Running a business is all about proper planning. Knowing which departments to concentrate on, which product requires improvement, what policy needs to be implemented, where to invest in future are some of the decisions a business owner and manager need to make. Proper accounts will contain a breakdown of past performances and likely future happening. In fact, the accounts can be used to stimulate future activities. This helps in proper planning of a business so as to match the future expectations.
The success of a business is mainly gauged on its performance. Did it meet the shareholders and stakeholders expectations? Were the set targets achieved? Is it possible to surpass previous performance? All these questions point at future performance based on current market conditions and parameters. This is one area where regular management accounts are of most importance. The accounts comprise of probabilities, time-series analysis, trend analysis and much more. Such market indicators help in gauging and managing the performance of the small business.

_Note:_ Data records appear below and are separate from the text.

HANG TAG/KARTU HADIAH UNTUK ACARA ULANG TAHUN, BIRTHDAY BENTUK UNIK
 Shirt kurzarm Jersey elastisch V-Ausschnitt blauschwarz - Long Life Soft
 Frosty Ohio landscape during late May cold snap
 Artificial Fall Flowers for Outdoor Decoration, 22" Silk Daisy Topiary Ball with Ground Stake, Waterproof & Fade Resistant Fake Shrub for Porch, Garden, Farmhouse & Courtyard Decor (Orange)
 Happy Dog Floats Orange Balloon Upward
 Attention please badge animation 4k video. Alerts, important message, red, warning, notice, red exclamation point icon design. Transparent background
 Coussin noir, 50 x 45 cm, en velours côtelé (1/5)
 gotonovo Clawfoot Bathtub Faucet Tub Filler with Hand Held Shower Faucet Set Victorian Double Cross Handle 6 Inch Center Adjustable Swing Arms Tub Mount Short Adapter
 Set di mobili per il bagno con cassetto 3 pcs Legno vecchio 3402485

Formulation and Implementation of Strategies
Managers as well as the business owner are required to be financially aware of the business position. This is the only way he may come up with strategies that will guide the business now and in the future. Management accounts help in formulating strategies. The people in charge use the key performance indicators (KPIs) to make decisions. The same accounts are also used to implement a strategy. Using strategies such as simulation analysis helps a business estimate performance even before a plan is rolled out.
Cost accounting and financial accounting are based on activities that have already happened. But management accounting usually focuses on future predictions. Due to this, the accounts require a high level of accuracy. The suitability of the accounts is greatly influenced by the accuracy of financial as well as cost accounting. It is therefore important for a small business to not only ensure accuracy but also that the correct strategy is formulated and implemented. Having regular management accounts is one of the most effective ways of managing and improving business performance in both short as well as long run.